Retype the lines below exactly, but only those from the line that has "Bluetooth Turntable with" through the line that has "Maryland Terrapins GameDay". Omit every picture.

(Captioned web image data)

=== Begin Enclosure ===

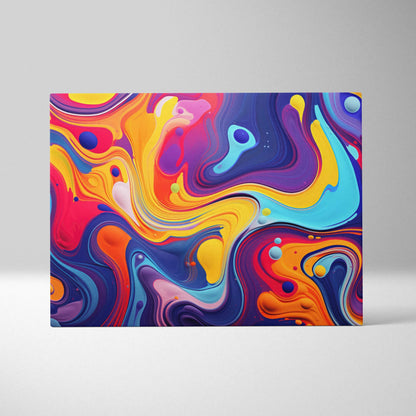 Abstract digital canvas art with vibrant swirling shapes in orange, blue, purple, and yellow tones on wall art canvas.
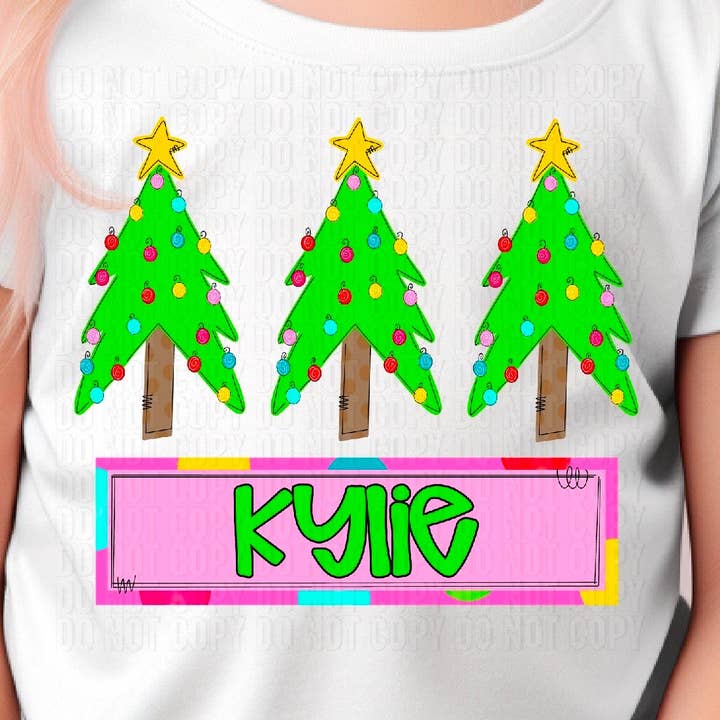 Christmas Tree Trio (Girl) With Name Plate Personalized DTF Transfer for wholesale by K and M Designs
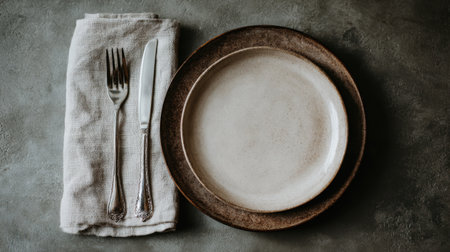 A beautifully arranged dining setup featuring rustic tableware with a textured background. Ideal for showcasing culinary styles and dining aesthetics.の素材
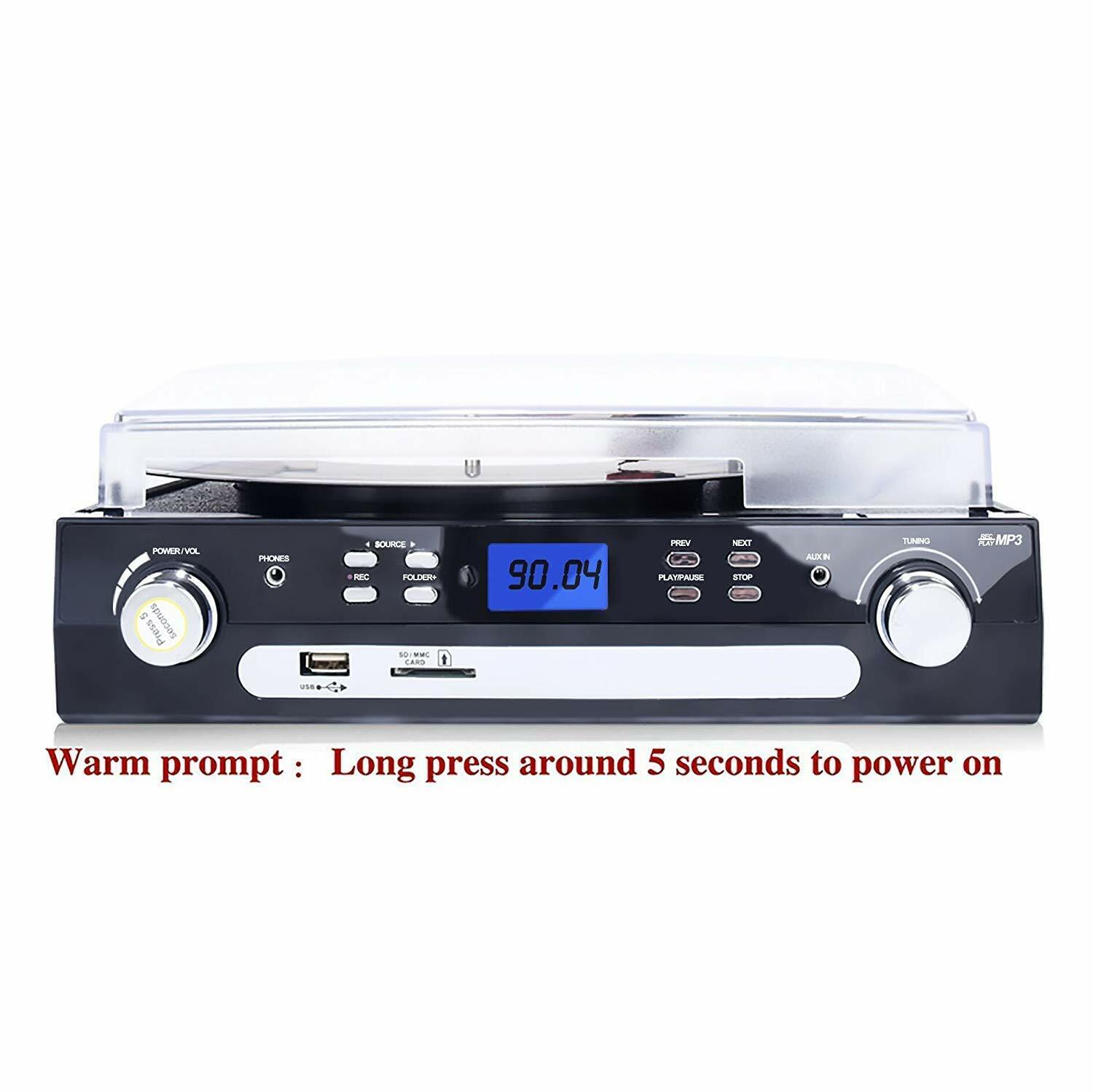 Bluetooth Turntable with Stereo Speakers for Vinyl to MP3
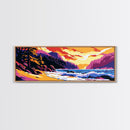 Ocean Waves, Coastal Scene, Vibrant Seascape, Canvas Print, Beach House Decor, Living Room Wall Art, Nature Artwork, Sunset Painting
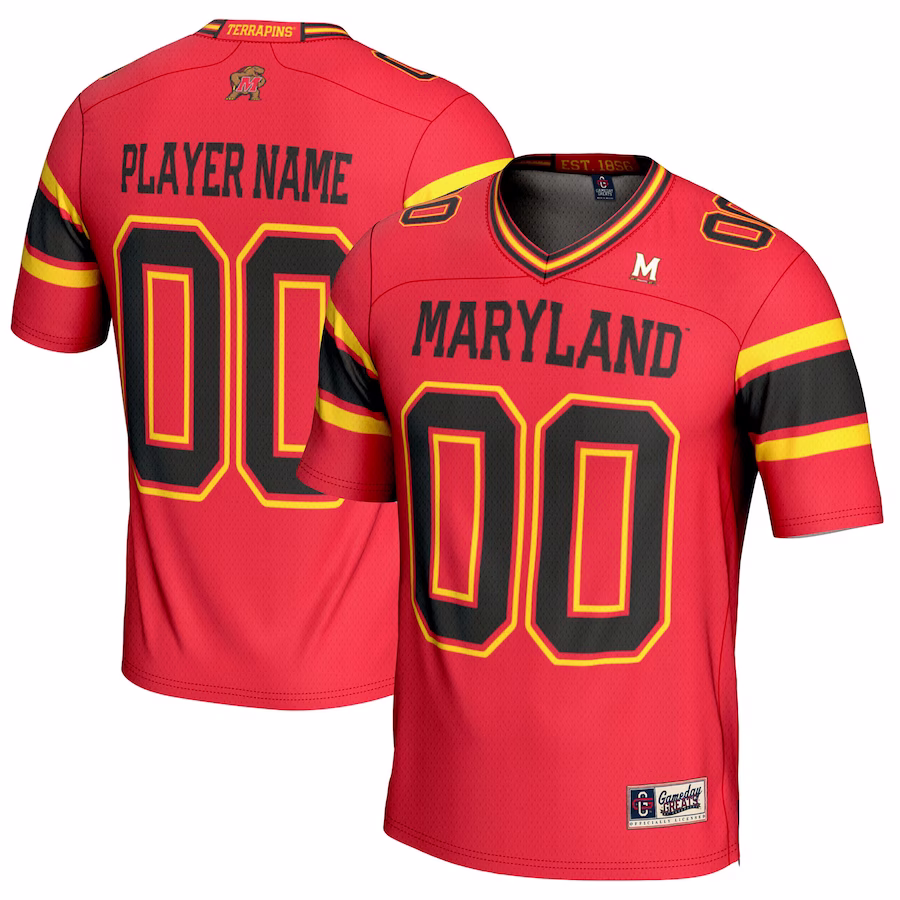 Maryland Terrapins GameDay Greats NIL Pick-A-Player Football Jersey - Red - Puhuasuan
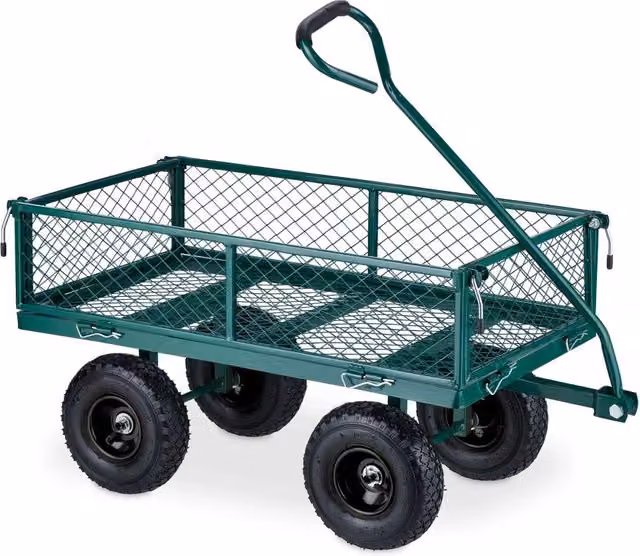 Carrello da giardino robusto e versatile per trasporto esterno 90 x 60 x 70 cm in acciaio verde 13_0012735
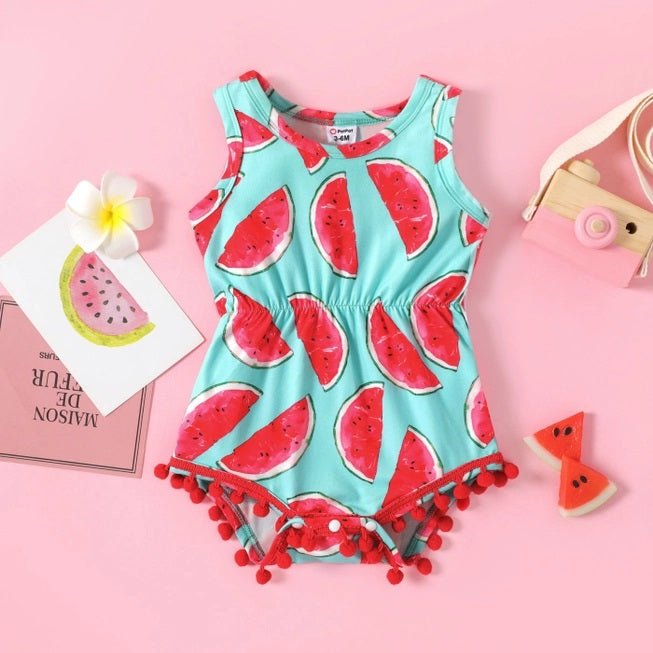 Watermelon Pom Pom Romper for Baby Girl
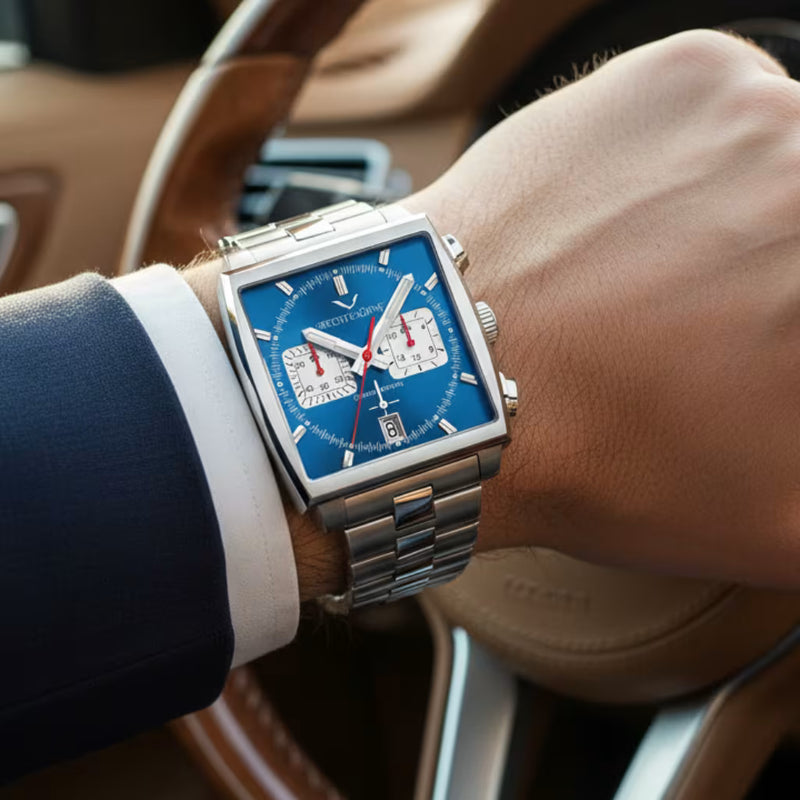 Caixa Retangular Em Aço Prata Com Marcadores Arábicos — Relógio Masculino Apex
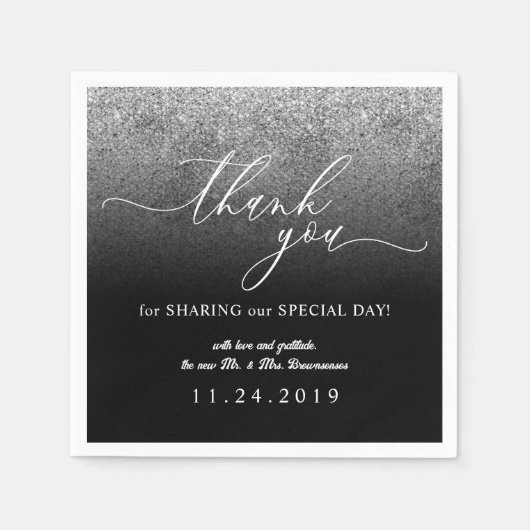 グリッターシルバーミニマリスト結婚デコル スタンダードカクテルナプキン (正面)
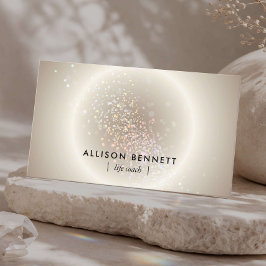 Life Coach Celestial Glow Minimal Champagne Guld Visitkort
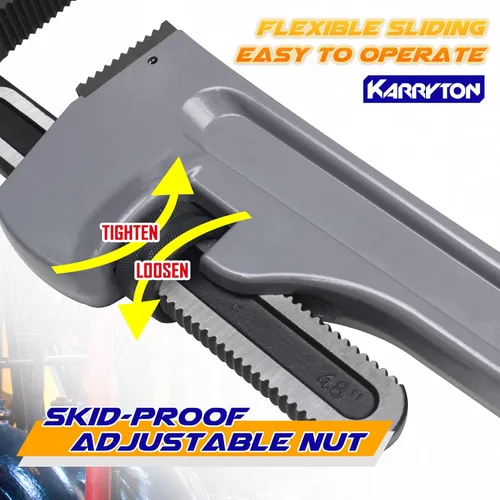 Miniatura 4 de Llave de tubo de aluminio de 48 pulgadas, capacidad de mordaza ajustable de 8"/200mm, llave de fontanería de mango recto resistente, herramienta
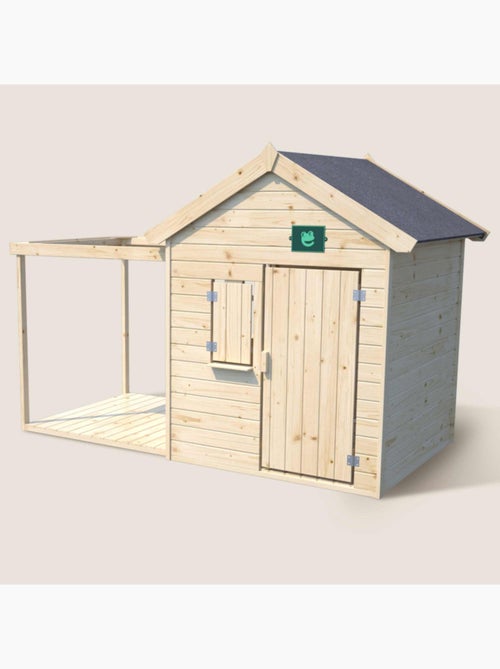 Cabane bois enfant avec pergola et comptoir EPICERIE - Kiabi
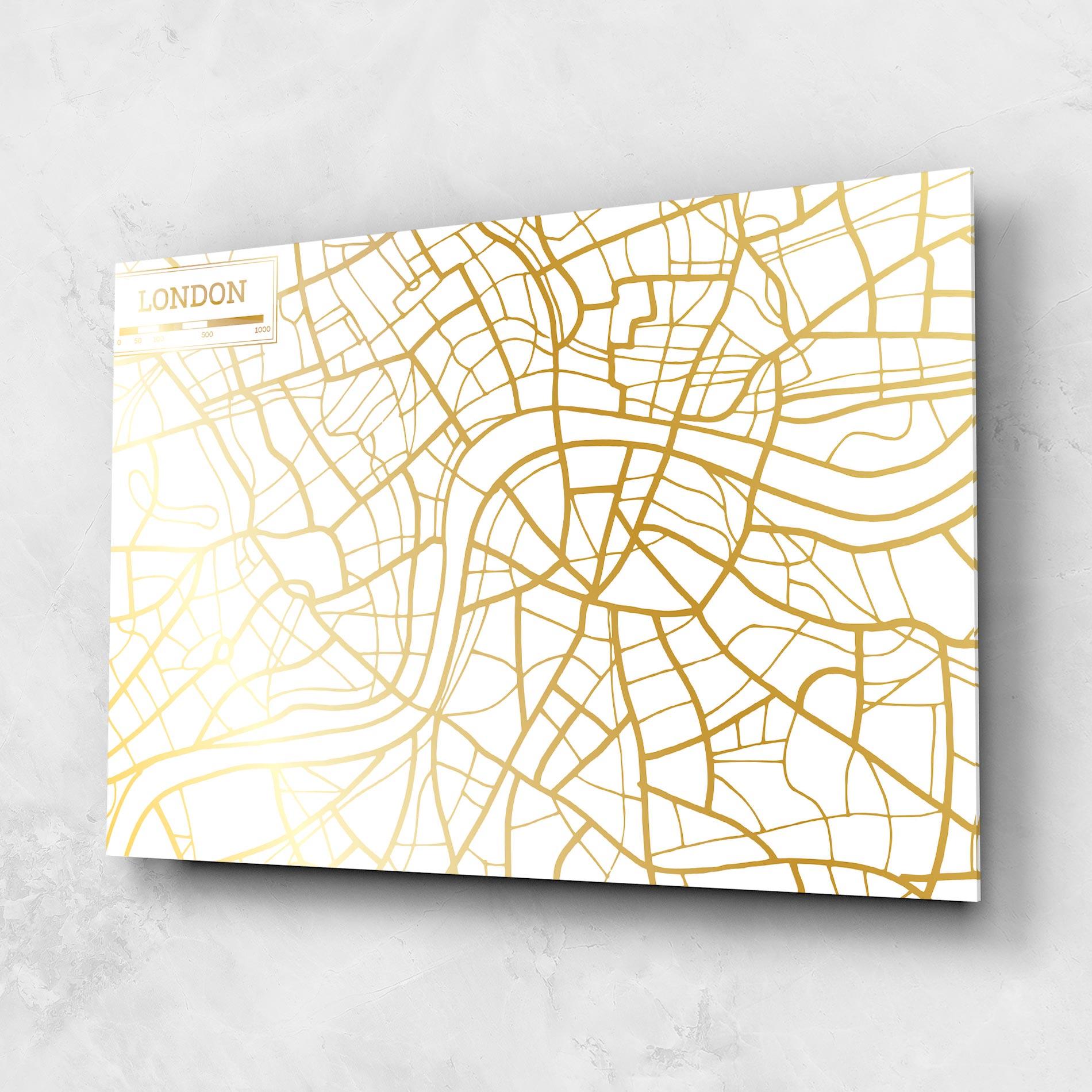 Tablou Sticla London Gold Map mockup 1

=== End Enclosure ===

▶ [EXERCISE OUTPUT]:
 Bluetooth Turntable with Stereo Speakers for Vinyl to MP3
 Ocean Waves, Coastal Scene, Vibrant Seascape, Canvas Print, Beach House Decor, Living Room Wall Art, Nature Artwork, Sunset Painting
 Maryland Terrapins GameDay Greats NIL Pick-A-Player Football Jersey - Red - Puhuasuan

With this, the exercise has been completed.